Each line of the records must appear in your answer exactly, with no pictures.

Stored items
+===+
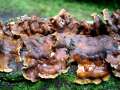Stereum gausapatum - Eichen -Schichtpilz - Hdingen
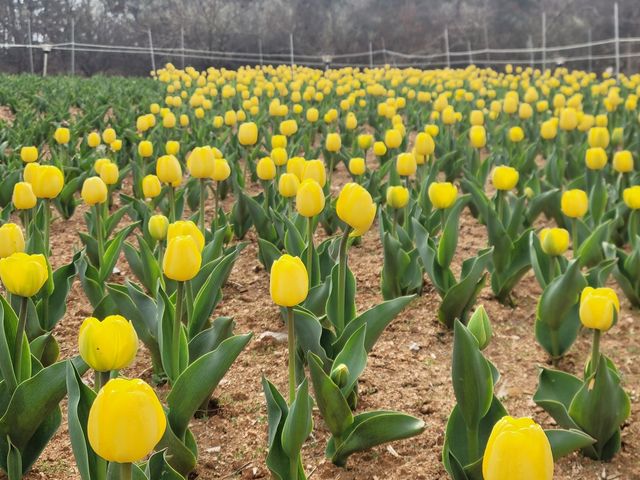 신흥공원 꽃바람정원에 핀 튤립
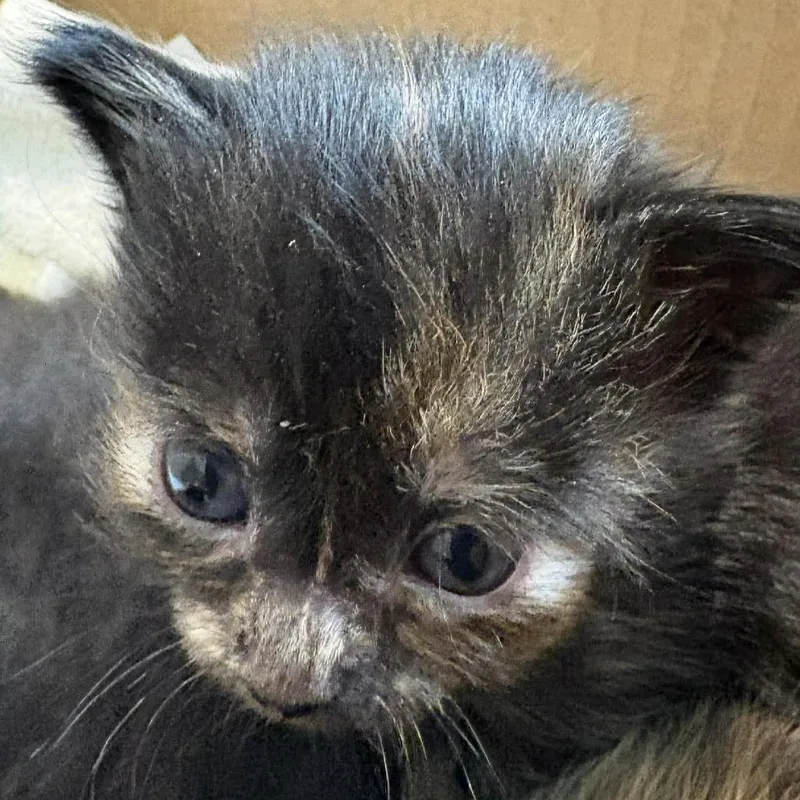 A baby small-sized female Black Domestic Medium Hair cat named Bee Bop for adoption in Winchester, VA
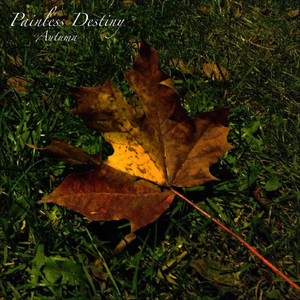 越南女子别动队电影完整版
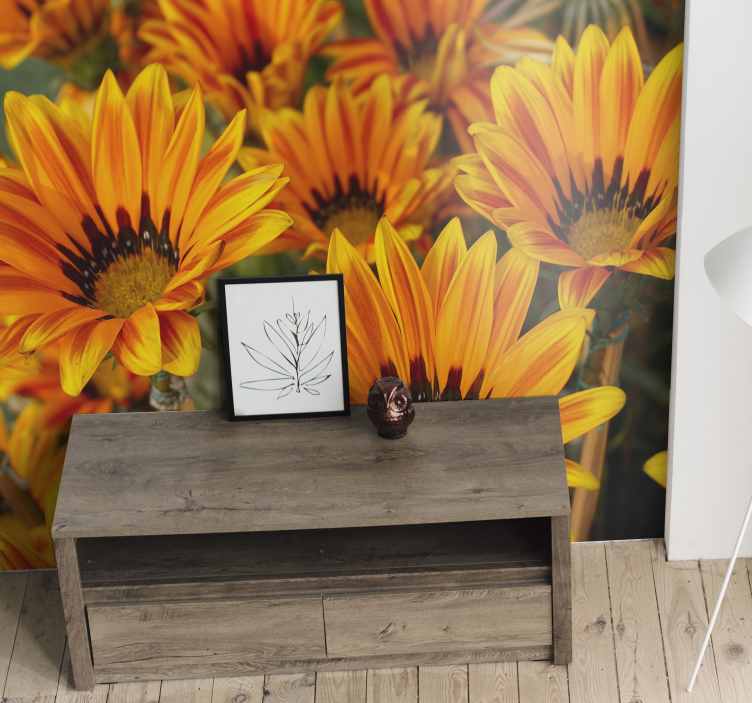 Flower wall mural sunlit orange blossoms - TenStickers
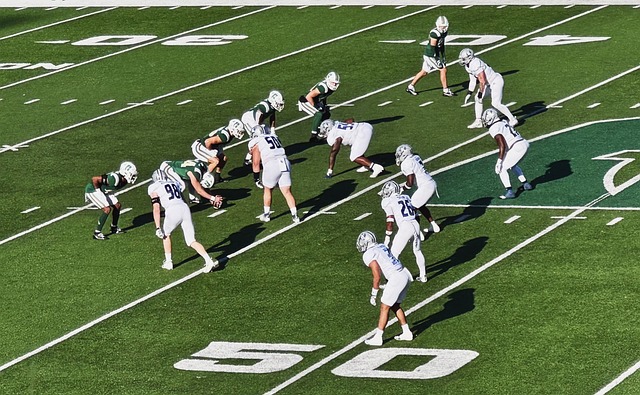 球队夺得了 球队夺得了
+===+
- Answer below -
Stereum gausapatum - Eichen -Schichtpilz - Hdingen
 신흥공원 꽃바람정원에 핀 튤립
 A baby small-sized female Black Domestic Medium Hair cat named Bee Bop for adoption in Winchester, VA
 越南女子别动队电影完整版
 Flower wall mural sunlit orange blossoms - TenStickers
 球队夺得了 球队夺得了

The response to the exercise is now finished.